Lessons From Stillness About Expectancy

3/12/2015





God has an interesting way of dealing with me. He knows I'm hard-headed. He knows that sometimes He has to force my hand, because my obsession with structure and control can get me in trouble. Him and I have this "Shut up, Z" type of relationship, and when He's there I shut up...but when He leaves I start talking again.

Only...He never leaves (thankfully); so there's that.

Recently, He's been telling me to sit down. I know this because with this particular area of my life, things have been brewing, but none of it is of my own doing. Almost like when you're "looking" for a job, but you're not actively searching. All of a sudden you receive an e-mail requesting an interview for a job you never applied for, it's a great opportunity and you land it. Those are the types of things that happen when God is in control.

Anyway, God has charged me with the task of sitting still.
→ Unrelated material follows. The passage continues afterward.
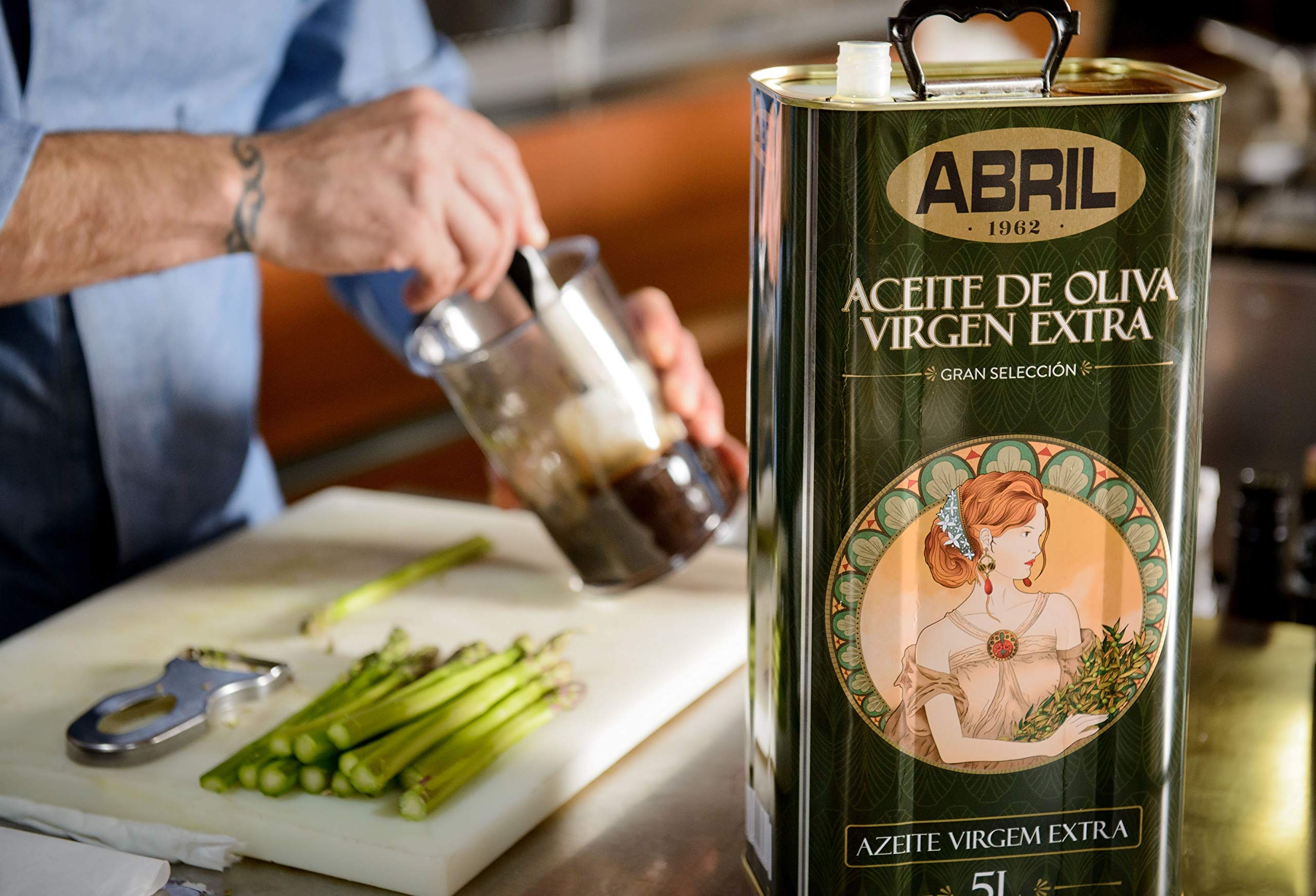 ABRIL - Aceite de Oliva Virgen Extra, LA DIOSA variedad de olivas Hojiblanca, Arbequina y Picual (Lata 5 L)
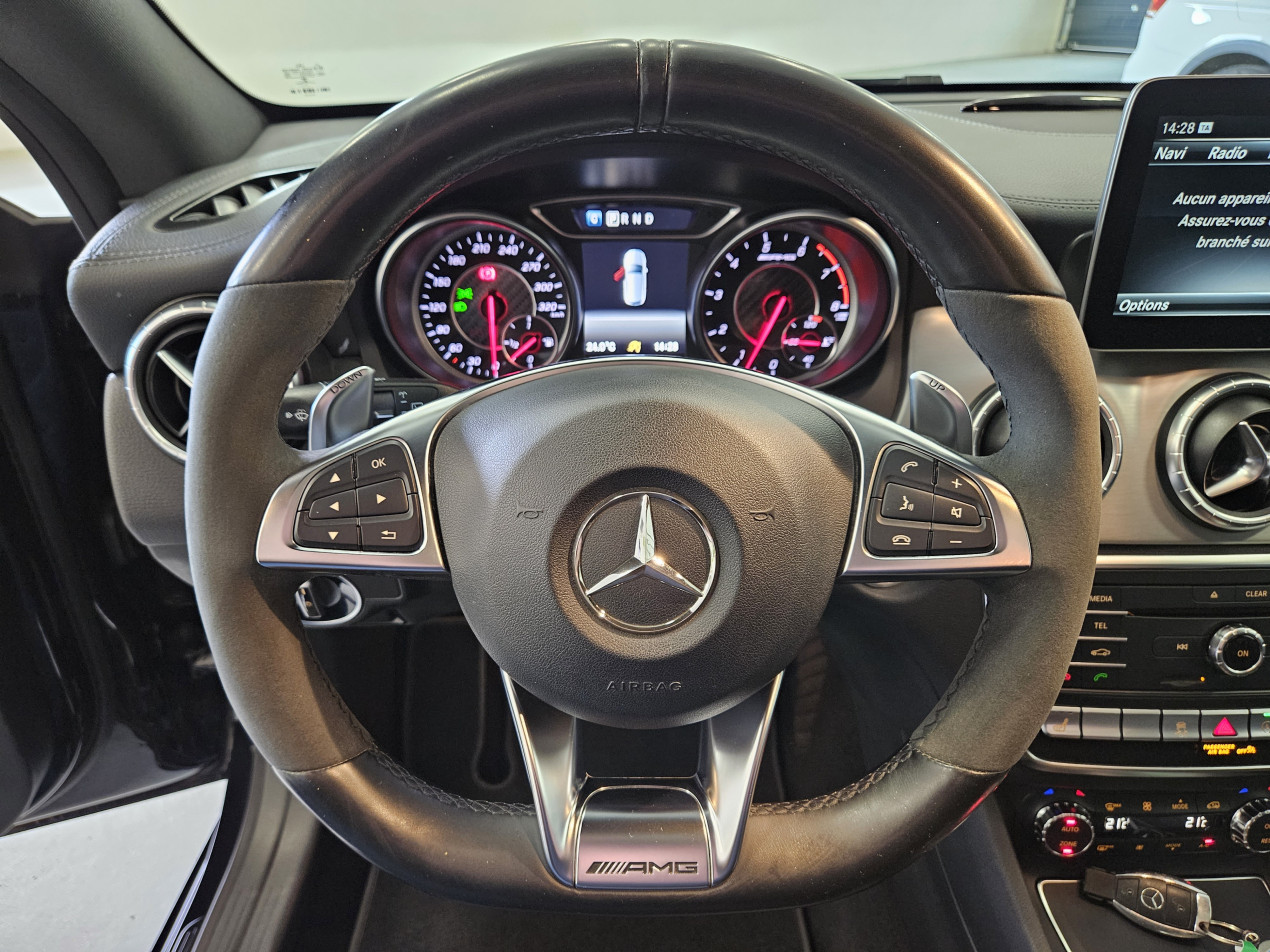 Mercedes-Benz CLA 45 AMG Shooting Brake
And to my obsessive nature this is nothing but defeat. I keep my faith, though. Sometimes I wake up ecstatic thanks to a change in my morning thinking and other times I revert back to my dissatisfaction. Some days I'm content and some days I'm thoroughly tired - and tired of doing nothing.

"Can't I just help you, God?" Instead of enjoying the relaxation that he's allowing me, I'm up under Him, asking to get my hand in whatever it is He's working on. Part of it is my need to control things, and the other part is that I want to make sure everything goes right. Like He isn't God and He doesn't have all of this under control. Silly, I know.

Regardless, I've been learning how to just sit down and shut up. I've been learning how to just let things go as they must. I've been learning how to maintain a positive attitude to make this challenging season in my life more tolerable. I've been learning how to enjoy the totality of my blessings and not just the ones I like most.

But most importantly, I'm learning that my stillness should not affect my expectancy. Just because I'm required to sit silently doesn't mean I'll be waiting forever; it doesn't mean He's not coming, soon. Just because I can't get my hand in whatever He has planned for me, doesn't mean it's not in the works. I know I didn't pack my luggage for nothing. I know God is going to provide for me the very thing I've been praying about, because He hasn't broken a promise thus far. So I'm packing two suitcases and waiting by the door with expectancy.

During these still moments - the ones where I'm fidgety and nervous and anxious and ready - I'm learning to reflect in my right now. I'm learning to do my best to enhance my thinking, so when God enhances my life I'm ready. I'm learning to prepare myself for this next phase because in the pit of my stomach I know where He's taking me, and I'm going to make damned sure that when I get there I'm on top of things. I'm learning to cry out for Him more, because there's frankly nothing else I can do but remain steadfast in my prayer and faithful in his promises. And perhaps, that's all He wants from me.

So if this is your season of stillness and silence; your season of reflection and revelation; I encourage you to be consistent. I encourage you to prepare your luggage and sit in expectancy. I encourage you to declare where you're going and await His arrival to take you there - or to send you that one-way ticket to where ever it is. That place you've always dreamt.

I encourage you to delight in the behind the scenes work that is currently going on on your behalf. I encourage you to thirst for Him now more than ever before. I encourage you to praise louder and pray harder. Because there is more coming, and whatever He's preparing for you, whatever He's doing that you can't help Him with is going to blow your mind. It's going to be wilder than your imagination can comprehend. It's going to be something that only He could've crafted. An opportunity that only He could've provided.

As fast as you became over your current job, your current boyfriend or your current living situation; as fast as your health took a plunge, your loved one passed away, or your life came shattering before your eyes, is as fast as that blessing is going to pour into your life. Don't miss it. Sit in expectancy. Await His arrival at the front door. Let your friends know you're going somewhere. Enjoy this season of stillness and reflection, and prepare for what's to come.